Available data ->
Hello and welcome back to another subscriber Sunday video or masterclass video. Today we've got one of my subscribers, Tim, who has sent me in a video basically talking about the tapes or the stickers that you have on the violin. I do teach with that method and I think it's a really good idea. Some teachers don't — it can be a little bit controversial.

* * *

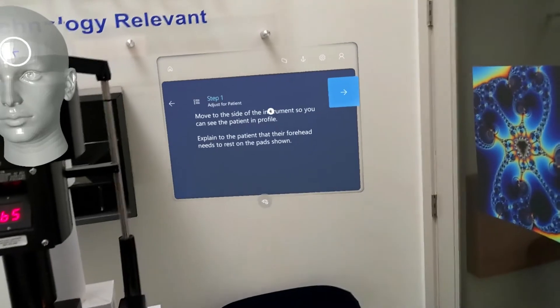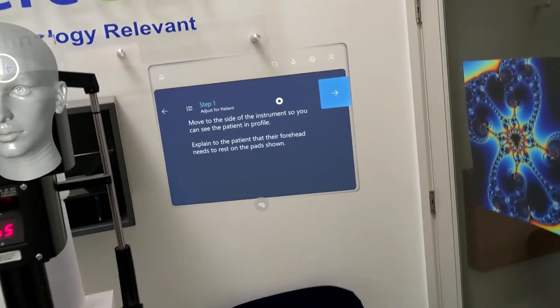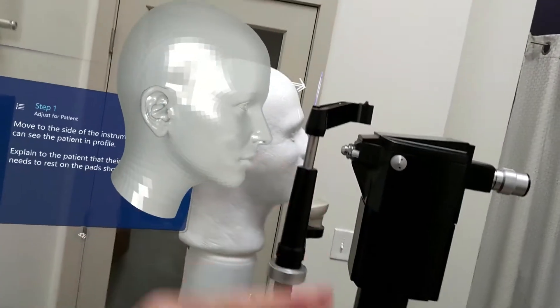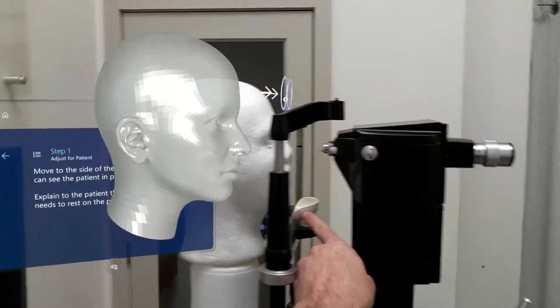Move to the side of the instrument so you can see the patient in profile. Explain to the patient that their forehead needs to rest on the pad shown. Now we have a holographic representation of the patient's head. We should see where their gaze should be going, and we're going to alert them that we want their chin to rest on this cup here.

--

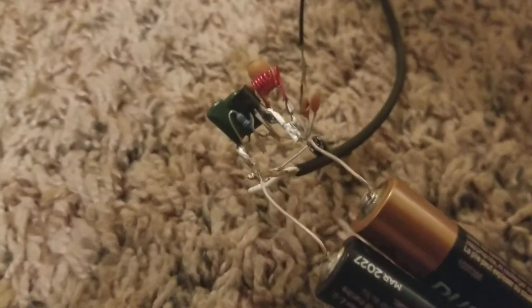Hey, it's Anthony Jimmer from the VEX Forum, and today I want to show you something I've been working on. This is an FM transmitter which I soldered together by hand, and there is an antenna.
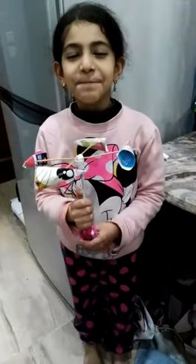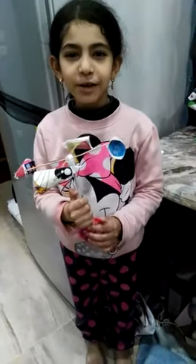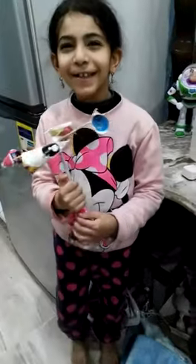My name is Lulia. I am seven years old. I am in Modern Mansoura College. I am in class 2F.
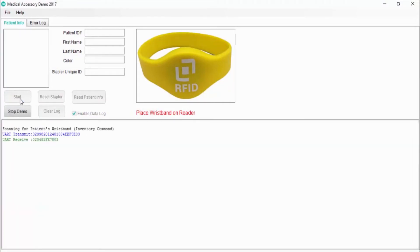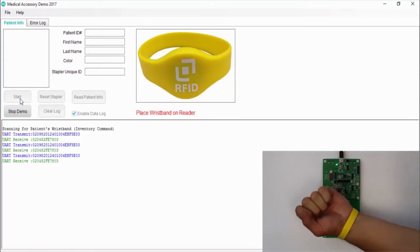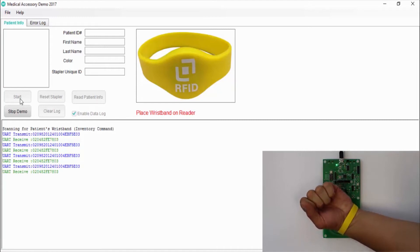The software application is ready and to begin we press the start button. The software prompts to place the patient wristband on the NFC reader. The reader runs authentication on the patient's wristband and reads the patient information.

What to work on ->
Print nothing but the lines above starting with the line that contains "My name is Lulia." and going on through the line that contains "The software application". Leave out the pictures.

Problem solution ->
My name is Lulia. I am seven years old. I am in Modern Mansoura College. I am in class 2F.
The software application is ready and to begin we press the start button. The software prompts to place the patient wristband on the NFC reader. The reader runs authentication on the patient's wristband and reads the patient information.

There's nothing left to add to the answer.